Please restate, exactly as they appear, only the lines from the one that contains "Hey there, and" to the final line of the entries, with no pictures.

Saved entries
◆ ◆ ◆
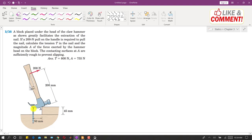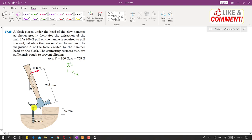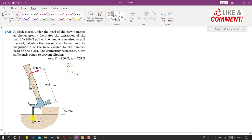We need to find the tension T in the nail. If we apply a 200 newton force on this hammer, the hammer will apply a tension on the nail in the positive y direction — that is, in the upward direction. Since we are considering the hammer as our system for equilibrium, the nail will apply a reaction tension T on the hammer in the opposite direction, that is in the negative y direction. This is the tension we are required to find.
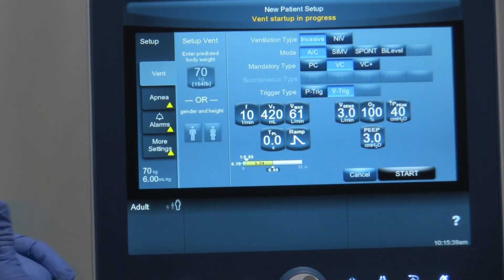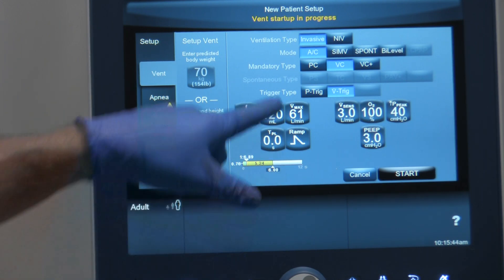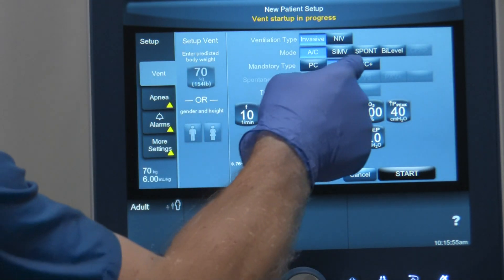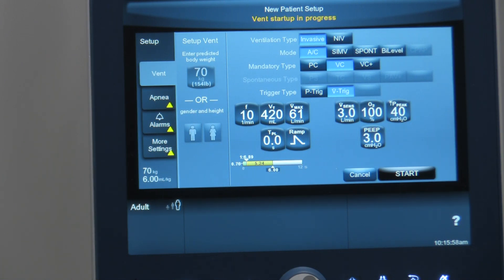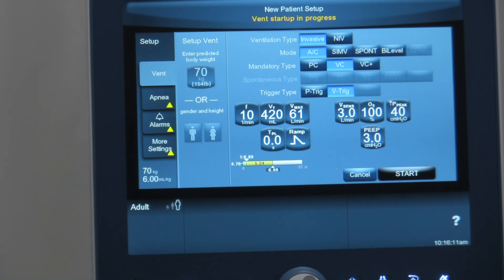The next selection is mandatory type — so how do you want to ventilate the patient? The choices are PC, VC, and VC+. PC means pressure control, so we can pressure-ventilate the patient. VC means volume control — we can volume-ventilate the patient. And VC+ means we can volume-ventilate the patient while controlling the pressure — in other words, a PRRVG-style mode, pressure-regulated volume guarantee, where you set the tidal volume and the ventilator chooses the pressure that delivers that tidal volume.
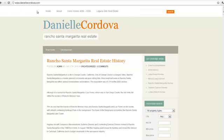Hey there, and welcome to another Diverse Solutions video tutorial. In today's tutorial, we're going to cover specifying multiple values for loading MLS content using the DSID Express link structure.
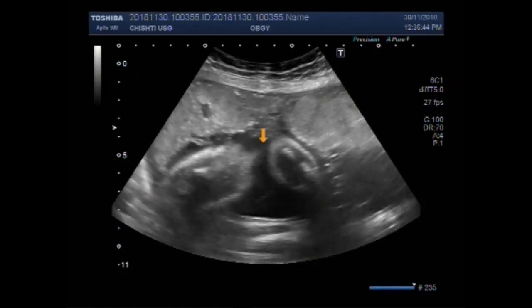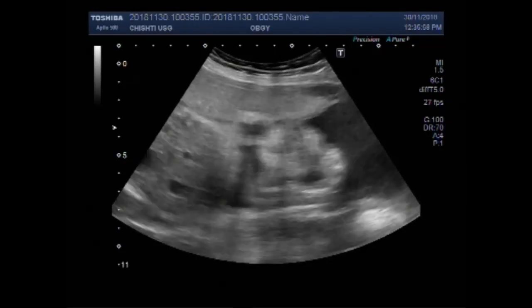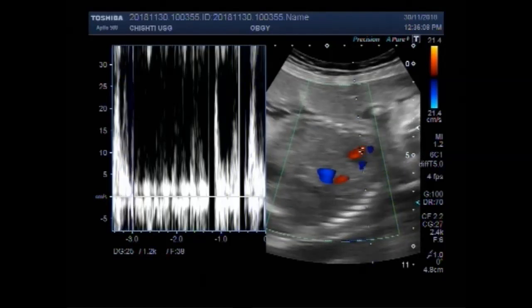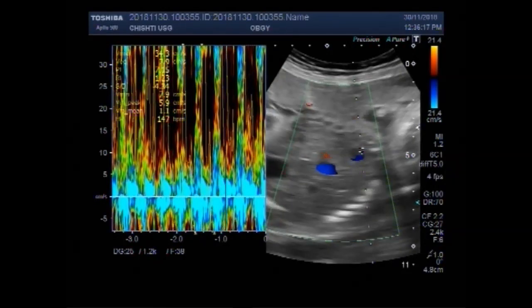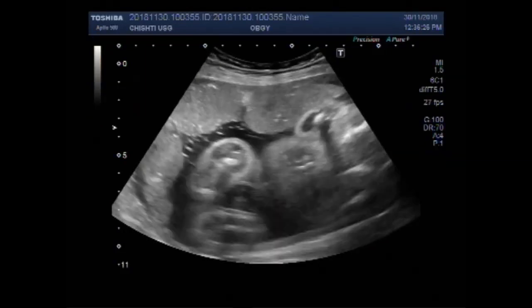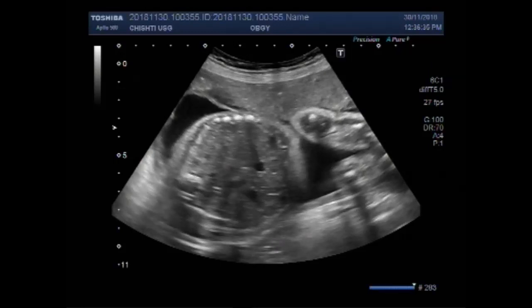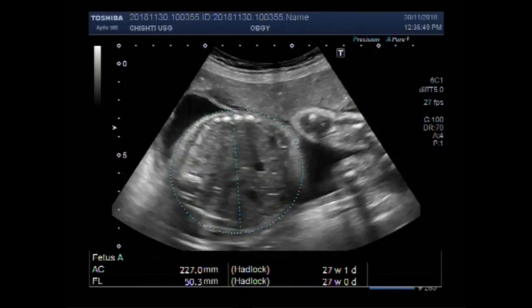This is a male fetus. This is the placenta. Fetal cardiac activity is visible and audible. Now you can see the measurement of abdominal circumference — it is about 27 weeks, one day gestational period.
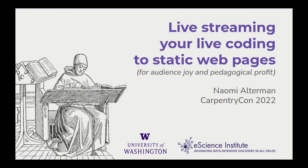Hello! My name is Naomi Alterman, I'm a Technical Education Specialist and Data Science Fellow at the University of Washington's eScience Institute, and today I'm going to talk to you about live streaming your live coding to static web pages for audience joy and pedagogical profit.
◆ ◆ ◆
### Answer below
Hey there, and welcome to another Diverse Solutions video tutorial. In today's tutorial, we're going to cover specifying multiple values for loading MLS content using the DSID Express link structure.
This is a male fetus. This is the placenta. Fetal cardiac activity is visible and audible. Now you can see the measurement of abdominal circumference — it is about 27 weeks, one day gestational period.
Hello! My name is Naomi Alterman, I'm a Technical Education Specialist and Data Science Fellow at the University of Washington's eScience Institute, and today I'm going to talk to you about live streaming your live coding to static web pages for audience joy and pedagogical profit.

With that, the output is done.